A few weeks ago I was traveling between provinces and I had to go to my nearest police station to obtain a permit. As a legal practitioner I did not want to find myself on the wrong side of the law, but it dawned on me that the layperson may not have been aware of where and how to obtain a permit.
Even though many restrictions have been relaxed, there are still regulations in place to govern traveling across provinces even now on level 3. Chapter 4 section 33(4) of the Government Gazette No.43364 of 28 May 2020 states that persons may only travel between provinces/districts for the following reasons:
- persons doing so in the course of carrying out work responsibilities or performing any service permitted under Alert Level 3;
- persons travelling for purposes of- (i) moving to a new place of residence; or (ii) caring for an immediate family member;
- members of Parliament performing oversight responsibilities;
- learners or students referred to in regulation 34(5) who have to commute to and from those schools or institutions of higher learning during periods when those schools or institutions are permitted to operate;
- the attendance of funerals as provided for in regulation 35: the transportation of mortal remains;
- obtaining medical treatment;
- persons who are returning to their place of residence from a quarantine or isolation facility;
- or any movement permitted under regulation 41.

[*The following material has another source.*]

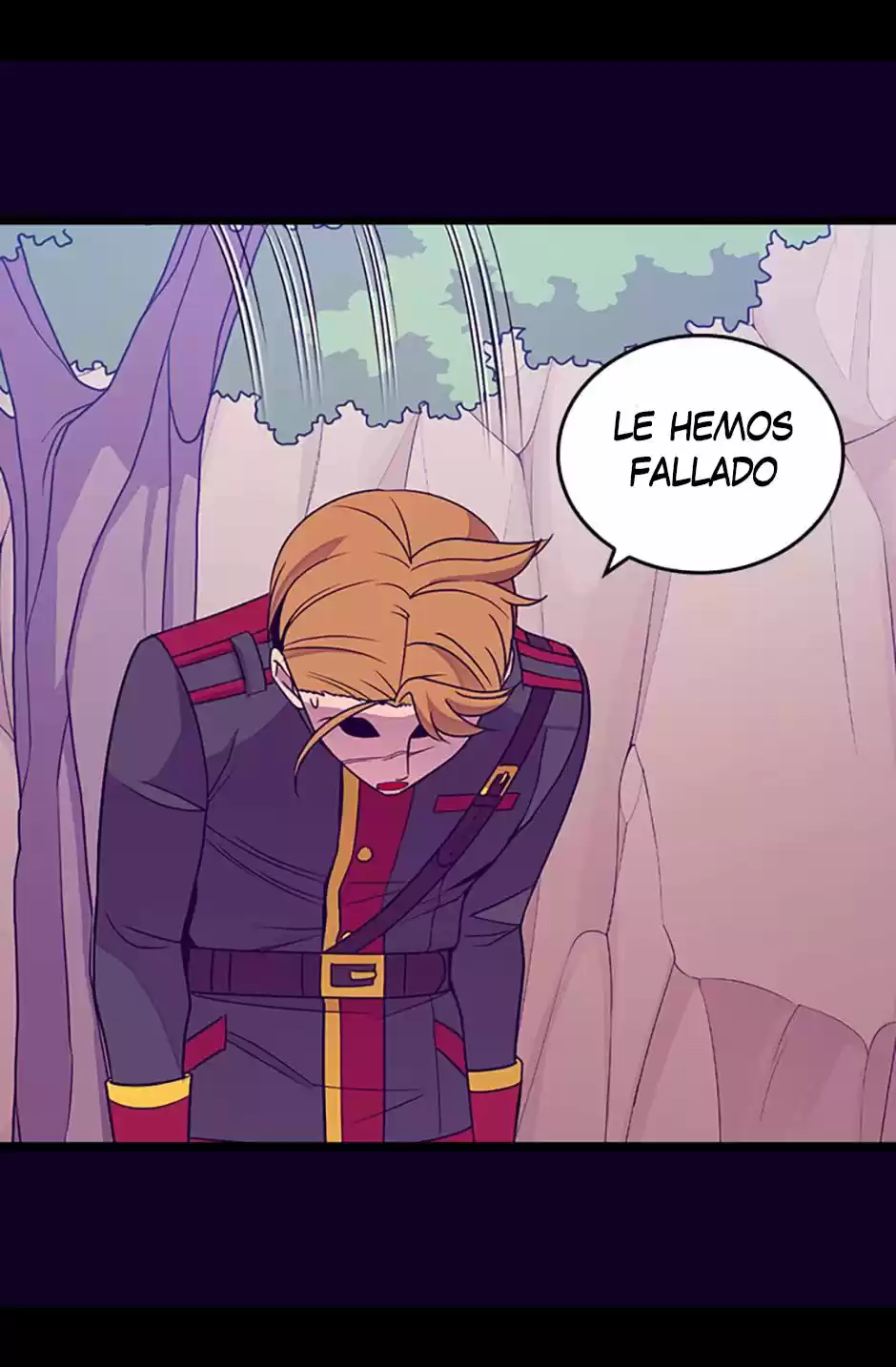 Página 67 del Manga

The current regulations are quite clear that one needs a permit to travel between provinces/districts in order to prevent cross contamination by people traveling from hotspots to lower risk areas. Such permits may be obtained from the Magistrate Court or the police station. There are various forms to be completed in accordance with the reason for travel. One needs to bring proof of their reason to travel, for example if you are travelling because you have terminated your lease at your current place of residence you will need to furnish proof of such termination in order to obtain a travel permit.

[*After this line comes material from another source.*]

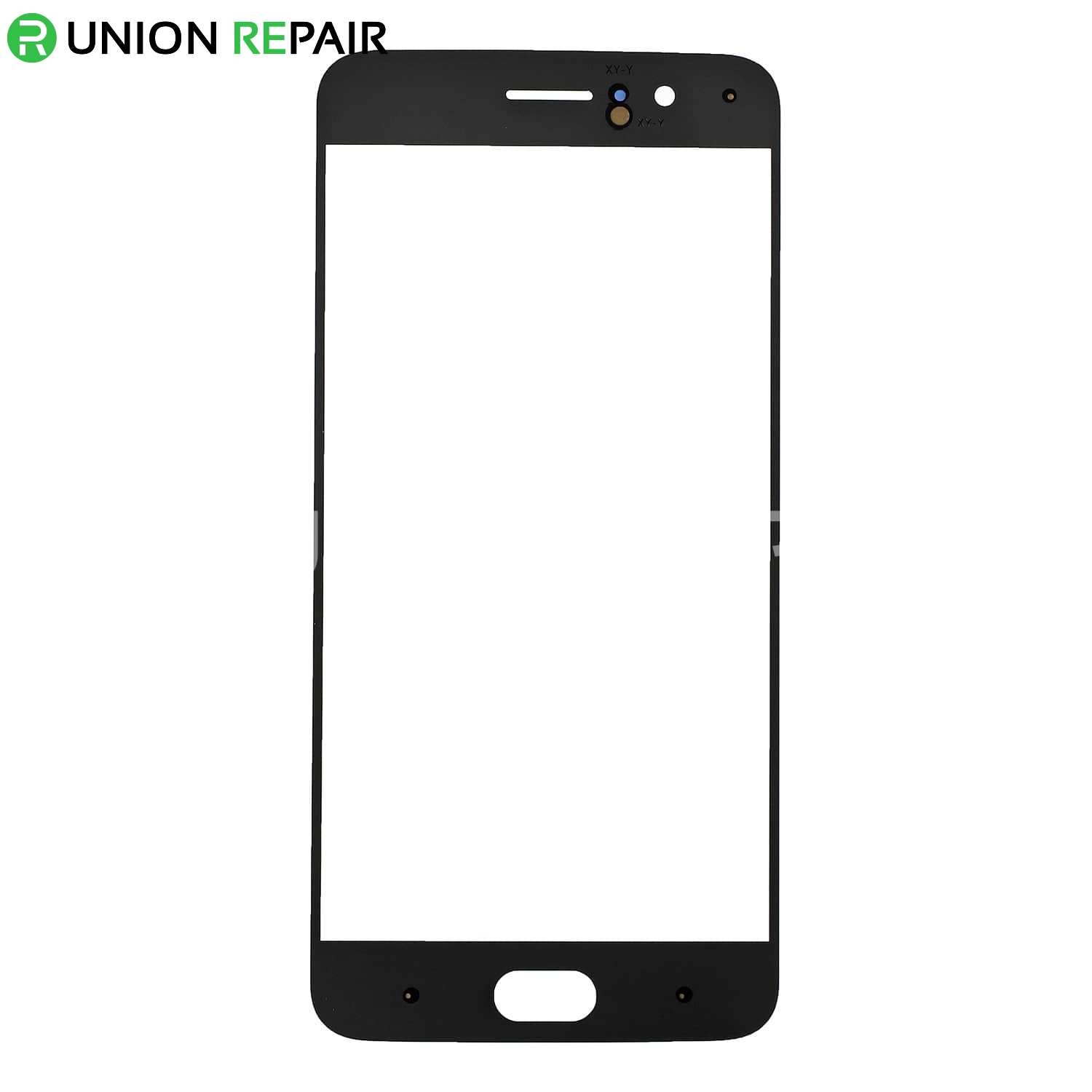 Replacement for OnePlus 5 Front Glass Lens - Black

The good news however, is that the Minister of Cooperative Governance and Traditional Affairs gazetted amended regulations on the 25th of June 2020 under Gazette no.43476 which allow for more sectors of our economy to be opened. In summary this is what is now allowed under advanced level 3:
- Regulation 33 (1) (g) has been amended to state that a person may leave their homes for leisure purposes (going to the movies, hiking, casino, or personal grooming services) – restricted to their province of residence;
- Regulation 37 which pertains to gatherings has been amended to state that all gatherings are prohibited except:
- a gathering at a faith-based institution which is limited to 50 persons or less;
- a funeral, also limited to 50 persons;
- a workplace for work purposes;
- conferences and meetings for business purposes;
- cinemas, theatres, museums, libraries and archives;
- an agricultural auction;
- personal care services (hairdressing, beauty treatments, make-up, nail salons and tattoo parlours);
All the above-mentioned gatherings are subject to the strict adherence to all health protocols and social distancing measures.
What is still prohibited however is found in regulation 39 (5) which is the opening of:
- gyms and fitness centres;
- sports grounds fields and public swimming pools;
- night clubs;
- accommodation establishments not formally accredited and licensed, such as private homes for paid leisure accommodation (AirBNB);
- conference facilities, except for business use;
- any consumption of alcohol on premises, including bars, taverns, shebeens and similar establishments; and
- beaches and public parks.
The position on inter-provincial travel therefore remains the same and is still prohibited except for the above-mentioned reasons. If one is travelling to another province for work purposes one may book at a formally accredited accommodation facility. It is important to emphasise that one still needs a travel permit even if you are using public transport like long distance taxis or buses or flights. You will not be allowed on board without a permit.
The penalties applicable for contravention of lockdown regulations are a fine or imprisonment for a period not exceeding six months. Therefore should one attempt to cross provincial boundaries without a permit, you could attract a criminal record to your name.